At 26 years, the People’s Democratic Party (PDP) should have been a pillar of strength, a beacon of hope and a testament to the enduring promise of democracy in Nigeria.*

Yet, as we stand at this milestone, it is clear that we have little, if anything, to celebrate. Instead, this anniversary marks a sobering moment of reflection, a time to confront the hard truths that have plagued our journey and to acknowledge the gap between our potential and our reality.

Twenty-six years should have seen us mature into a force for good, a party that consistently upholds the values of integrity, unity and progress for all Nigerians.

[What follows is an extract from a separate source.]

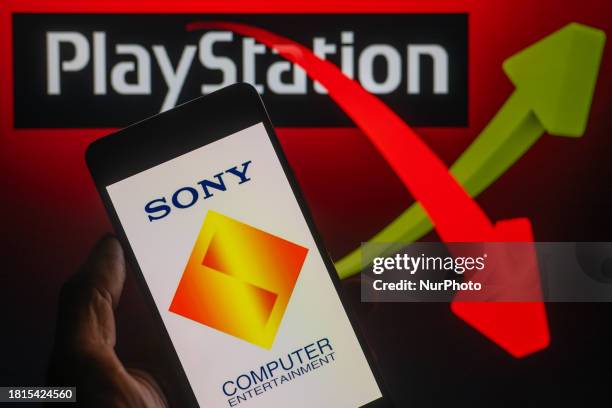 The Sony Interactive Entertainment logo is being displayed on a smartphone with a PlayStation and a stock graph visible in the background, in this...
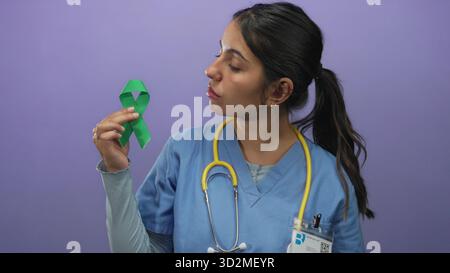 Die Ärztin in Uniform hält ein grünes Band über die violette Wand, das Bewusstsein symbolisiert. Stockfoto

But the reality is far from this ideal. Instead of celebrating, we must face the uncomfortable truth: *at 26, the PDP has failed to live up to the promise that once inspired millions.*

We cannot celebrate when our internal divisions have weakened our ability to lead. We cannot celebrate when the very principles that should guide us: justice, fairness and accountability,have been sidelined in favor of personal ambition and short-term gains. We cannot celebrate when the Nigerian people, who once looked to the PDP for leadership, now question our relevance and our commitment to their welfare.

This is not a time for self-congratulation. It is a time for deep introspection and honest assessment. What have we truly achieved? Where did we go wrong? And most importantly, how do we rebuild the trust that has been lost? These are the questions we must ask ourselves, not just as a party, but as individuals who believe in the ideals that the PDP was founded upon.

At 26, we should be at the height of our powers, but instead, we find ourselves at a crossroads. The path forward is not easy, but it is necessary. We must return to our roots, to the values that once made the PDP a symbol of hope and possibility. We must rebuild from within, embracing transparency, unity and a renewed commitment to serving the people of Nigeria.

There is no celebration today, only the recognition that we have a long road ahead. But if we use this moment wisely, if we truly learn from our past mistakes, there is still hope for a future where the PDP can once again stand tall, not just in name, but in action and impact. The journey begins now, not with *fanfare but with resolve.